On Wednesday, San Francisco Fed President Mary Daly said a 50 basis point rate hike may be seen at the monetary policy meeting in May, as well as a cut in the balance sheet, which can be justified depending on economic data in the coming weeks. "If we need to raise the rate by 50 points at once, we will do it," Daly said. She added that she is more supportive of a 25 basis point increase for now, but is ready to do everything possible to ensure price stability.
As such, most investors already shifted their expected rate hikes to a percentage point at the Fed meeting on May 3-4. It followed Fed Chairman Jerome Powell's statement that the central bank is ready to take a more aggressive step if necessary.

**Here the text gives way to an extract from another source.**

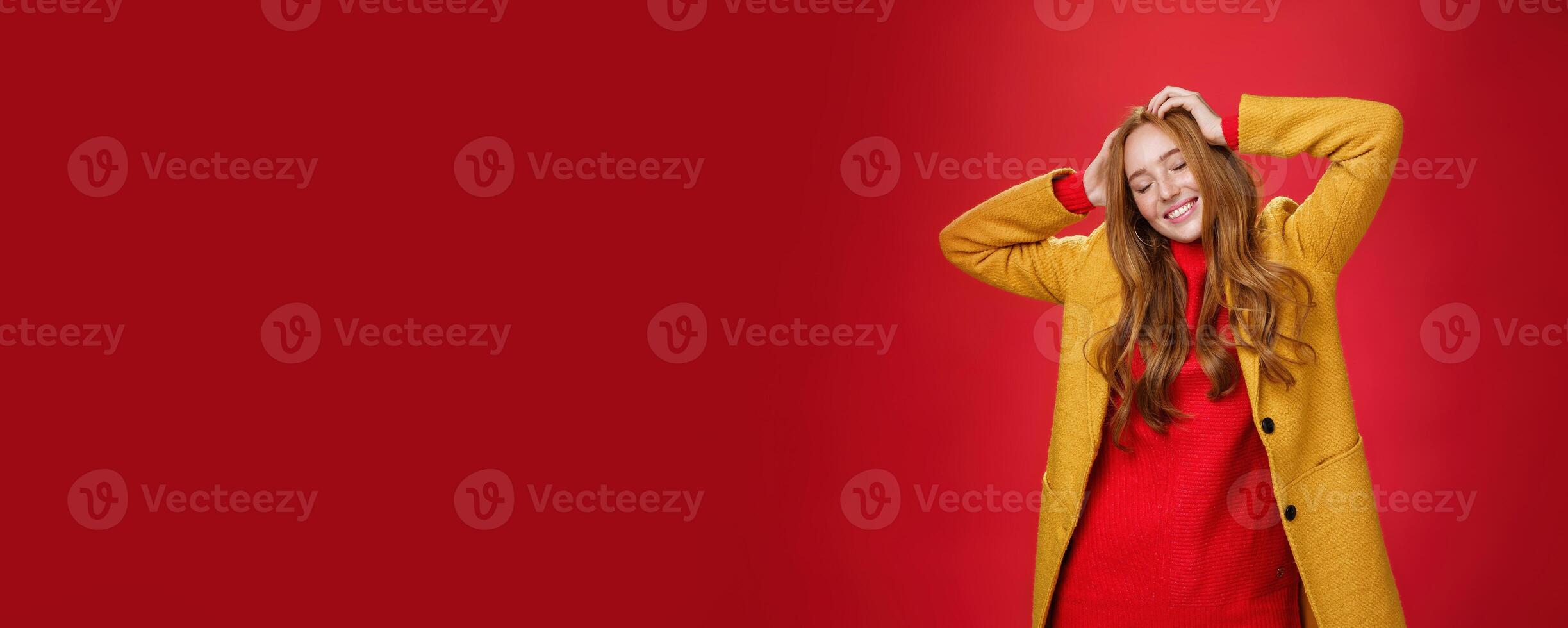 Carefree happy ginger girl carrying away with music and good vibes holding hands on head close eyes and smiling delighted and relaxed having fun, dancing against red background in yellow coat photo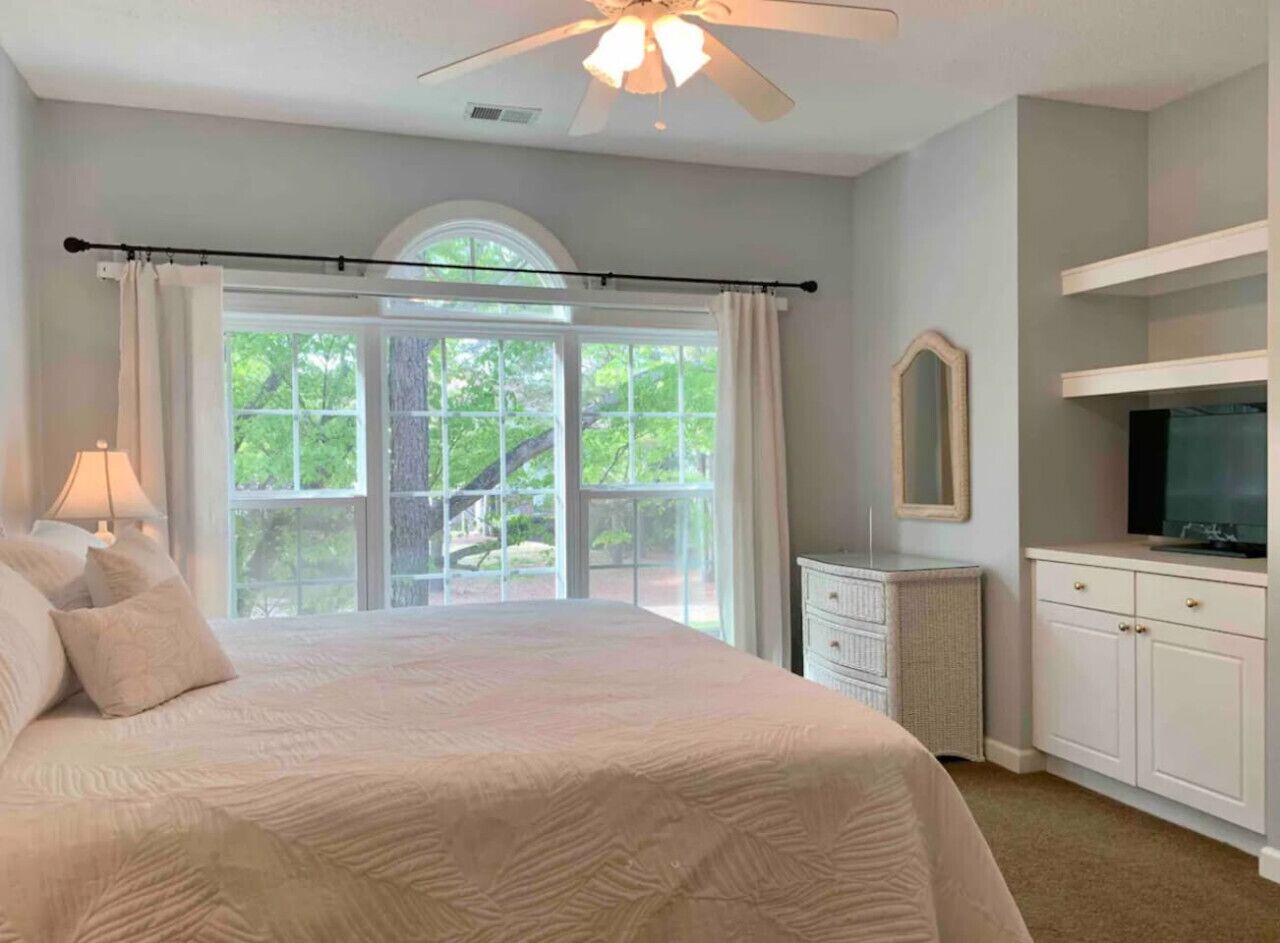 A bedroom with a large bed, a ceiling fan, a window with curtains, a dresser, a television, and a mirror.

Daly also warned against acting too quickly, given the global risks to the economy right now. There is a chance that the US economy could go into recession if the geopolitical situation worsens and inflation continues to skyrocket. "I don't think it's appropriate for us right now. The pace of policy tightening is rapidly gaining momentum, and we are increasingly dependent on incoming data, while forgetting about the risks," she said.
As noted above, the Fed is likely to cut its balance sheet by around $9 trillion during the meeting in May. That could lead to another rate hike, especially since other central banks are tightening their policies as well. "It is likely that some increase in the key interest rate above the neutral level will be required. Most likely, this will happen in 2023," Daly said.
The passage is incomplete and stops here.